Brett, you create attribute nodes just like element nodes. Here's the code
from the link you posted, modified to create the XML in your original post:

XmlDocument xmldoc;
XmlAttribute attr;
XmlElement elem;
XmlElement root;

xmldoc=new XmlDocument();

//let's add the XML declaration section
XmlNode xmlnode=xmldoc.CreateNode(XmlNodeType.XmlDeclaration,"","");
xmldoc.AppendChild(xmlnode);

//let's add the root element
elem=xmldoc.CreateElement("ROOT");
xmldoc.AppendChild(elem);
root = elem;

//add person elements. assume you have some data structure called ListOfIds
containing the numbers
foreach (int personId in ListOfIds)
{
elem = xmldoc.CreateElement("Person");
attr = xmldoc.CreateAttribute("PersonId");
attr.InnerText = personId.ToString();
elem.Attributes.Append(attr)
root.AppendChild(elem);
}

--
Kai Brinkmann [MSFT]

Please do not send e-mail directly to this alias. This alias is for
newsgroup purposes only.
This posting is provided "AS IS" with no warranties, and confers no rights.

 

[Brett Romero]

Thanks.

If I try to read my file, which looks like this:
<?xml version="1.0"?>
<ROOT>
<Person PersonID="83615">
</Person>
</ROOT>

I get this error:
"The data at the root level is invalid.

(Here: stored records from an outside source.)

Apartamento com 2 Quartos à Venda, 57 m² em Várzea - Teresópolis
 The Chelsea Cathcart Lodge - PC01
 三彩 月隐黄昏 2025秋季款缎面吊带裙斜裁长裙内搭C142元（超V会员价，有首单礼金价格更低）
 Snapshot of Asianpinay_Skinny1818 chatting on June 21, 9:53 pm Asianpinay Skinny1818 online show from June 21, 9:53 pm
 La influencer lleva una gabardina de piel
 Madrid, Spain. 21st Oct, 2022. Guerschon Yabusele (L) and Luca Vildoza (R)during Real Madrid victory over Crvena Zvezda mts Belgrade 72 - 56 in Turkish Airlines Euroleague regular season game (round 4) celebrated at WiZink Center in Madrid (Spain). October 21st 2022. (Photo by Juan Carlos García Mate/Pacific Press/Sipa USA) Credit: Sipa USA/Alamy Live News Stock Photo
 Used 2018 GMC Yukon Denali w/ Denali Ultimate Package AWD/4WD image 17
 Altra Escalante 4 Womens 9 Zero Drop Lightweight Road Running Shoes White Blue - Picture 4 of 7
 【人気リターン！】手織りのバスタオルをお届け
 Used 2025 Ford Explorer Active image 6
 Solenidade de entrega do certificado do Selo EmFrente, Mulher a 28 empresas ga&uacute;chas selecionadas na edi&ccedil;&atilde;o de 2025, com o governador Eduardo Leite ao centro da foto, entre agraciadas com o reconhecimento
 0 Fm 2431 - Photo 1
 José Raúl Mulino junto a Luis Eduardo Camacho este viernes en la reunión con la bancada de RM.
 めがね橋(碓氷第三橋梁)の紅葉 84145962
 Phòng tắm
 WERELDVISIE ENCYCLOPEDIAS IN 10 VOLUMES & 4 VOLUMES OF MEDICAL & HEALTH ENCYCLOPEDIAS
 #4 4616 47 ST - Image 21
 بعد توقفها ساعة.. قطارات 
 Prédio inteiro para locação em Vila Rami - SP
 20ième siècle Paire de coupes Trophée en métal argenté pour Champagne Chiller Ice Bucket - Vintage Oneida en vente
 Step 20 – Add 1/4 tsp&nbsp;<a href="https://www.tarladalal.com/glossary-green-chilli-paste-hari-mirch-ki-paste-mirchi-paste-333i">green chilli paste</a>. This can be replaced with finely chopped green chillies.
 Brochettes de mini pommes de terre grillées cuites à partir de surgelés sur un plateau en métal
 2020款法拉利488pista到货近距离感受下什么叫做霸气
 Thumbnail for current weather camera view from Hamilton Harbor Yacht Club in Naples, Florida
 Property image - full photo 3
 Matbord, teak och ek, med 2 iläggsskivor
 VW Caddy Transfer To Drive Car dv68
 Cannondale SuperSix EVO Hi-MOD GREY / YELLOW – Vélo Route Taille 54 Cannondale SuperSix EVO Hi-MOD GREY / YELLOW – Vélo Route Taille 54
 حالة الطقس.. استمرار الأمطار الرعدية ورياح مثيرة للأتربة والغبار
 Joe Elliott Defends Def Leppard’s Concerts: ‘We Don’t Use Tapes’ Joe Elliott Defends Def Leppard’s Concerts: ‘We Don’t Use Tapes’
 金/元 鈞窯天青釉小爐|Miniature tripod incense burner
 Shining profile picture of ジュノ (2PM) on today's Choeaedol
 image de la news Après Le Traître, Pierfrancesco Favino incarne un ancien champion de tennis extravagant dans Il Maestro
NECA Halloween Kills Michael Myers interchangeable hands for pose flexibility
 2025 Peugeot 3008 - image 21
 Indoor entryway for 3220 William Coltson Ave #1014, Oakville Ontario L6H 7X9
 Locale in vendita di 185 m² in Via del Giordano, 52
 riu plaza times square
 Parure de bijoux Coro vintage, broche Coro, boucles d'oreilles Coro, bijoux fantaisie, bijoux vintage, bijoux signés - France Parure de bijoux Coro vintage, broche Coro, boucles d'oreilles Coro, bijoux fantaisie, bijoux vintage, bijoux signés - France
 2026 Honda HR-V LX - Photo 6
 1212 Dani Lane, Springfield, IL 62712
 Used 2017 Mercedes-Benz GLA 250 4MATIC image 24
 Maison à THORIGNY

Line 1, position 1."

I'm using:
xmlDoc.LoadXml(@"C:\Documents and Settings\BROMERO\My
Documents\testing.spec");

I'm not sure if it is referring to the LoadXML method or the file. Any
ideas?

The <?xml version="1.0"?> part was generated with the XMLDeclaration
enumerator.

Thanks,
Brett

 

[Guest]

Hi Brett,
the LoadXML method assumes the string you are passing as a parameter is
XML, not a file path. If you want to load XML from a file use the
XmlDocument.Load method and pass in the file name.

Hope that helps
Mark Dawson
http://www.markdawson.org

 

[Anders Borum]

For really quick XML construction, I suggest looking at the XmlWriter class
(and its descending implementations).